Making Room for Missing Middle: 4 Recommended Resources

The central path through Evans Oaks, a new cohousing community in Silverton, Oregon. Image by Jen Rahn.

The central path through Evans Oaks, a new cohousing community in Silverton, Oregon. Image by Jen Rahn.

Strong and financially resilient communities are comprised of a variety of housing types. Not just single-family detached homes on one end of the spectrum and huge apartment complexes on the other, but a wide range of “middle housing” options in-between: duplexes, triplexes and fourplexes, courtyard cottages, bungalow apartments, and more. Yet these middle housing types—so familiar to our grandparents and great-grandparents—are rarely built today.

Dan Parolek of Opticos Design coined the term “missing middle housing” to describe middle housing options that are in high-demand (across all age groups) but getting harder and harder to find. All too often, the market isn’t even given a chance to meet demand. Among other barriers, middle housing types have been zoned almost out of existence in many communities. Just how missing is missing middle housing? In a recent Strong Towns webcast, Parolek said that middle housing’s share of all housing produced dropped from more than 25% a century ago to less than 10% today. In the meantime, more than a quarter of all Baby Boomers and nearly 60% of Millennials say they are looking for walkable living and missing middle housing. Parolek didn’t share stats for my fellow Gen Xers—the missing middle of generations?—but, as Robert Steuteville wrote last year in Public Square, tens of millions of us will be downsizing in the next two decades.
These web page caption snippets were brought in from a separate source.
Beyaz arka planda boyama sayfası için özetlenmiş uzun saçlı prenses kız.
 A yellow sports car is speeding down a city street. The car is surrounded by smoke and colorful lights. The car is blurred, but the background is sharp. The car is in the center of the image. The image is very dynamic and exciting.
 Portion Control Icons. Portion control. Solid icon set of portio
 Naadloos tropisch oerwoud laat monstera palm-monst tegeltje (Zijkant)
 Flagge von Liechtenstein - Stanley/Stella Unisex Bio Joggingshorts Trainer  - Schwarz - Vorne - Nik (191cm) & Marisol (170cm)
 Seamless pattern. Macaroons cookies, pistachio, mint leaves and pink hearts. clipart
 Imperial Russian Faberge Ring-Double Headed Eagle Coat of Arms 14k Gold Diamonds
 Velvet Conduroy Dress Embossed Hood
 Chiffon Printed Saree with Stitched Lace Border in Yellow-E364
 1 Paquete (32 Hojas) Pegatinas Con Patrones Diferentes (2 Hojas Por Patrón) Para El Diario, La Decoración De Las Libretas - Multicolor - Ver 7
Happily, my own town of Silverton, Oregon has begun a community-wide conversation about middle housing. The City will be updating its zoning code standards to encourage more middle housing and provide greater housing choice. These changes were prompted in part by the 2019 passage of Oregon’s HB 2001, which requires communities of 10,000 or more to allow duplexes on any lot zoned for single-family residential, and communities of 25,000 or more to also allow triplexes and fourplexes. (Silverton is just over the 10,000 threshold.) The bill, which our senior editor Daniel Herriges wrote about here, was championed by a diverse coalition—including AARP of Oregon, the NAACP, Portland Public Schools, and transit advocates, among others—and passed with bipartisan support.

Screenshot from the City of Silverton’s virtual town hall on middle housing.

Screenshot from the City of Silverton’s virtual town hall on middle housing.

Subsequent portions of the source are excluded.